In Soroban Capital Partners, the taxpayer is an investment firm organized as a Delaware limited partnership. It has one general partner and five limited partners. During the 2016 and 2017 tax years, it made guaranteed payments to its limited partners and distributed ordinary income to its general partner and limited partners. In determining the amount of net earnings from self-employment, however, Soroban Capital relied on section 1402(a)(13) and excluded the distributions of ordinary income it made to its limited partners. That section in the relevant part excludes the distributive share of any item of income or loss of a limited partner as such.
On audit, the IRS disagreed with Soroban Capital’s exclusion of the ordinary income distributions from its calculation of net earnings from self-employment. In the Tax Court, the parties cross-moved for summary judgment, and the Tax Court ruled in favor of the IRS.
The court rejected Soroban Capital’s argument that all ordinary income distributions to state law limited partners are excepted from self-employment tax. It focused on the fact that the exception applies to “limited partners, as such.” It noted that the exception, when enacted in 1977, was intended to apply only to earnings “that are of an investment nature.” It does not apply to partners who are limited partners in name only.
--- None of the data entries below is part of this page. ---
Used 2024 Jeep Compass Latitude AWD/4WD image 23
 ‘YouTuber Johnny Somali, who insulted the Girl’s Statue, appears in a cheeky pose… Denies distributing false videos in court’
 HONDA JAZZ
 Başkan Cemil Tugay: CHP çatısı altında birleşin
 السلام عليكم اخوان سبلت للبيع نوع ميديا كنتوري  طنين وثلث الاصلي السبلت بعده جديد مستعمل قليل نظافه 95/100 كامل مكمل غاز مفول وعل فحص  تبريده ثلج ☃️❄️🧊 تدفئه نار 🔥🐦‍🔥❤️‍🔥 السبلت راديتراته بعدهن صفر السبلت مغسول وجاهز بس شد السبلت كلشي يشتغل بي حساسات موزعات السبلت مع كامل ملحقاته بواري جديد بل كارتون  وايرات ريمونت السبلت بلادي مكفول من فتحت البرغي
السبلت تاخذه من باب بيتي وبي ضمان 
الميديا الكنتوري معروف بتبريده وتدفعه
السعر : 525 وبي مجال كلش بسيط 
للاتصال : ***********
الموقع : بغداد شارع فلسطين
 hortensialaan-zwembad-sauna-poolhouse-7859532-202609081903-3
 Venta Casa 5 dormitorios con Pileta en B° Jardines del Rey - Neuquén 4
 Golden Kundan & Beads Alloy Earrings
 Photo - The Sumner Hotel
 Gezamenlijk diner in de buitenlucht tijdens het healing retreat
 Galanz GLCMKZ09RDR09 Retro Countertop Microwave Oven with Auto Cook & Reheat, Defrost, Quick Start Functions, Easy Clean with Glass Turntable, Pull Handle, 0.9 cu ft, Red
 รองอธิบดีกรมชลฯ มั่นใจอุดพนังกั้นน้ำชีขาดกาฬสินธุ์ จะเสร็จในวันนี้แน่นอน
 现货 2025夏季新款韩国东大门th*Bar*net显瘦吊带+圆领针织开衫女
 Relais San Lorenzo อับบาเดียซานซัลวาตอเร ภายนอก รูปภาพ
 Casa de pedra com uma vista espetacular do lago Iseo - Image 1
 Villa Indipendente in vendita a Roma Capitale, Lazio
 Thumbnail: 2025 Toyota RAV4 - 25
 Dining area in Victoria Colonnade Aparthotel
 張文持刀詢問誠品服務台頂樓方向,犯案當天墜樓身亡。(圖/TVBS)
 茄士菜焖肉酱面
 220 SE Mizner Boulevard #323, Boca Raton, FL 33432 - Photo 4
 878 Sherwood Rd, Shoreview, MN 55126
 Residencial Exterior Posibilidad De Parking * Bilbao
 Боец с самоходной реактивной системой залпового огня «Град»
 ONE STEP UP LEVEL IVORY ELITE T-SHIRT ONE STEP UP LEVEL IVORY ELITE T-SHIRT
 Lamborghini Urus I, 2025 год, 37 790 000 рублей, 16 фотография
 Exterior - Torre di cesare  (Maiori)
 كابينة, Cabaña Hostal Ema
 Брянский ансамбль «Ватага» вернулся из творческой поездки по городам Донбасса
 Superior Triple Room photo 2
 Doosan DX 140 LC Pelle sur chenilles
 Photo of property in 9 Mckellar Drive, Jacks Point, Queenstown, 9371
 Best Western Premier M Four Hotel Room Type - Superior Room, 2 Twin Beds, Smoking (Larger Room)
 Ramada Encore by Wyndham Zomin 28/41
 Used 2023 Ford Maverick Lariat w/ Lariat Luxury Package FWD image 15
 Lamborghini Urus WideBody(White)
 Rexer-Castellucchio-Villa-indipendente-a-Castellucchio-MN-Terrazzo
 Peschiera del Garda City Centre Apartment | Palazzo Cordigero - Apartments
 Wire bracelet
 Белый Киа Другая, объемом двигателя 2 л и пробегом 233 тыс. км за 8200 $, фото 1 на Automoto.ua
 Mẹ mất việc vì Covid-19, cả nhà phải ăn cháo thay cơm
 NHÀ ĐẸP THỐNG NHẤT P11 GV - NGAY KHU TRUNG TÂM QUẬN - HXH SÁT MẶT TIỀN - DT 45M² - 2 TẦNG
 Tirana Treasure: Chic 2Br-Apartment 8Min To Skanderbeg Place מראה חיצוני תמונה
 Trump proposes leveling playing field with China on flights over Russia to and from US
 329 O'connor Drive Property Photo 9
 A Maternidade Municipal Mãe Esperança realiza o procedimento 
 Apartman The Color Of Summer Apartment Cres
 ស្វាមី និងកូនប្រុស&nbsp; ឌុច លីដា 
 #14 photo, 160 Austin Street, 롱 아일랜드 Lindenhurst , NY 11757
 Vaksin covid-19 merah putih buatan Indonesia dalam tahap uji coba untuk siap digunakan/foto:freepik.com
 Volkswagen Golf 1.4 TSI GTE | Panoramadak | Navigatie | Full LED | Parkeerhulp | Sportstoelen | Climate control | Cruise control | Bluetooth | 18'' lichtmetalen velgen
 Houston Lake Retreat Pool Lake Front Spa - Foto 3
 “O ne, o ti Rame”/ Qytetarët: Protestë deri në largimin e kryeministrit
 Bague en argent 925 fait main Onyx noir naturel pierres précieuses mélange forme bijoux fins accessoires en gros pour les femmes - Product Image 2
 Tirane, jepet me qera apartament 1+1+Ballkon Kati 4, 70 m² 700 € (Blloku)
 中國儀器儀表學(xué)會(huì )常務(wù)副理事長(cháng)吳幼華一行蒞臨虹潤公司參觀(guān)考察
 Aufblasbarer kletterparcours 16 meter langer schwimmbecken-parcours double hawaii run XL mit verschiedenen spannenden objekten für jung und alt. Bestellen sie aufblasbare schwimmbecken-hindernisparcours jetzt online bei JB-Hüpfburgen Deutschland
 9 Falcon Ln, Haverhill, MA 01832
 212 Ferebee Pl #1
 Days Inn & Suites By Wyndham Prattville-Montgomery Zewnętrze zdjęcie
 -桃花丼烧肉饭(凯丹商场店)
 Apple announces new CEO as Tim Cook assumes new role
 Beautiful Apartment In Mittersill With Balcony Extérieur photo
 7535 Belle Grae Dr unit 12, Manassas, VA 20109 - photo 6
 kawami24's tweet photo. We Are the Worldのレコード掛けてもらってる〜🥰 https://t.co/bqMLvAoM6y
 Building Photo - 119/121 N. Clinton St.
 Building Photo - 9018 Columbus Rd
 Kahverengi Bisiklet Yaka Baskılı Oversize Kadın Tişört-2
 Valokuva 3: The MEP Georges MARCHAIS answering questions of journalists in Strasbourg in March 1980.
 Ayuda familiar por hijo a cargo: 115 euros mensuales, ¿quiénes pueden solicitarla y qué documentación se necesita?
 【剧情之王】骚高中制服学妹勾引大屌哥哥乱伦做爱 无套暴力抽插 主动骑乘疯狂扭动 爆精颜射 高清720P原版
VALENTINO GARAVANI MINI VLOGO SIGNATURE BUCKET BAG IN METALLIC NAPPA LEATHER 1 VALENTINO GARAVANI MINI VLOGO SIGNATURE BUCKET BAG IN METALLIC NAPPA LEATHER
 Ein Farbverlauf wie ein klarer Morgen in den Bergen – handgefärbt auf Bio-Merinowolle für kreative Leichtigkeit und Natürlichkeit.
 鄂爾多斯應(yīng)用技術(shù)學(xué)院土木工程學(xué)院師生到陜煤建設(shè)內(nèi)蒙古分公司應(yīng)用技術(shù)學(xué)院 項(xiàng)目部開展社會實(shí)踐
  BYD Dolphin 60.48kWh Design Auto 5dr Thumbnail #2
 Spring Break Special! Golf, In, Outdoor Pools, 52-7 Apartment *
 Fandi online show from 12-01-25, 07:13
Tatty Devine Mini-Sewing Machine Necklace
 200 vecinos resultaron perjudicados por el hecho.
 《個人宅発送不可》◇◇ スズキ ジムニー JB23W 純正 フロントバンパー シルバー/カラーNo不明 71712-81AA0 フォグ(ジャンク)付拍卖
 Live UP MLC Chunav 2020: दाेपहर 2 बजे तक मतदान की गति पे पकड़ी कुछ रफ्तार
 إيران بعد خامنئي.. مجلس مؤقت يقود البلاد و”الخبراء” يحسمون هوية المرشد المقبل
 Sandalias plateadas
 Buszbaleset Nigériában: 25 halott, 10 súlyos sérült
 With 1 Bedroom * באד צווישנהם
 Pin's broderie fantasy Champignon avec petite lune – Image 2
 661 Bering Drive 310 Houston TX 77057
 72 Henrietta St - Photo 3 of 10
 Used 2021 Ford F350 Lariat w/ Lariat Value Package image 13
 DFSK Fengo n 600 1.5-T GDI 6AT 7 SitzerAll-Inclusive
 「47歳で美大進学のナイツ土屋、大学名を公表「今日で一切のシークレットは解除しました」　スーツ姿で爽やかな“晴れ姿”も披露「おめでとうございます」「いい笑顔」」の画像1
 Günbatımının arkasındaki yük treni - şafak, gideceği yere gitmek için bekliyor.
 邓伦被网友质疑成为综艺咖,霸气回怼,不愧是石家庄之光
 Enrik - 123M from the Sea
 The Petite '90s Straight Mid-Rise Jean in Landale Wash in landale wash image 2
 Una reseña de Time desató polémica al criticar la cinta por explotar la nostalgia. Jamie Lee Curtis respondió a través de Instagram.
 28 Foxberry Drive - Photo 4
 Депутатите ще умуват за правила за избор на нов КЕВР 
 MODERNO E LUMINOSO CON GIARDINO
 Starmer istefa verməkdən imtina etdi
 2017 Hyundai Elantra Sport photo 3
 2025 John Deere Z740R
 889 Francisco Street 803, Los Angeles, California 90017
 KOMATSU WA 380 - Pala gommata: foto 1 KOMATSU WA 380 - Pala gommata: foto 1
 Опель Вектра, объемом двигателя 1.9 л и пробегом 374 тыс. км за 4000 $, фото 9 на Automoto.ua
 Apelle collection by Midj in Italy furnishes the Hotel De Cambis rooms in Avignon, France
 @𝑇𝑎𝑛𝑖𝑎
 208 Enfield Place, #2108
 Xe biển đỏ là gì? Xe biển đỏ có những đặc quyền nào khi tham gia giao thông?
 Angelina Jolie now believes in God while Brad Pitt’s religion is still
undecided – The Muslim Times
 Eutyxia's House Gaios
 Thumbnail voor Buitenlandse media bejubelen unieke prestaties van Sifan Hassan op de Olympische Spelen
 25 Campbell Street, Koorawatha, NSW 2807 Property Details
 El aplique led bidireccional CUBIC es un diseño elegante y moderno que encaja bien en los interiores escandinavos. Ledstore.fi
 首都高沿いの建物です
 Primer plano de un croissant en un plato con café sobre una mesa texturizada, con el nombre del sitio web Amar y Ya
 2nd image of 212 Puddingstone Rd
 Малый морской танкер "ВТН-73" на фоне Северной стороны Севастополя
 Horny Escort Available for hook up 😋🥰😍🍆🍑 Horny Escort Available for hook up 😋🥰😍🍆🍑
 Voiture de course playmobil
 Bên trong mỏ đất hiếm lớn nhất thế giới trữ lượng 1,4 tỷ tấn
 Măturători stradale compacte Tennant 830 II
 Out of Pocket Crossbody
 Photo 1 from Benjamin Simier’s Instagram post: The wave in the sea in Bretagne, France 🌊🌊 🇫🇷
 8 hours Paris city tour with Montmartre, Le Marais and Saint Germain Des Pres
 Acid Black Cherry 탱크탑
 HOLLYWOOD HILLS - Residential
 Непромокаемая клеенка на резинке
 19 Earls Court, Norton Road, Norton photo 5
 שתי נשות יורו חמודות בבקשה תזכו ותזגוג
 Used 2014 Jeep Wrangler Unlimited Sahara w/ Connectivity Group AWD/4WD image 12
In the eyes of the Tax Court, the addition of the words “as such” demonstrates a Congressional intent to narrow the scope of the exception, which “applies only to a limited partner who is functioning as a limited partner.” The court, therefore, followed the functional analysis test it announced in a 2011 Tax Court decision dealing with a limited liability partnership.
Fund managers, partnerships, and limited partners should consult their tax advisors to determine the implications of this decision on their tax positions.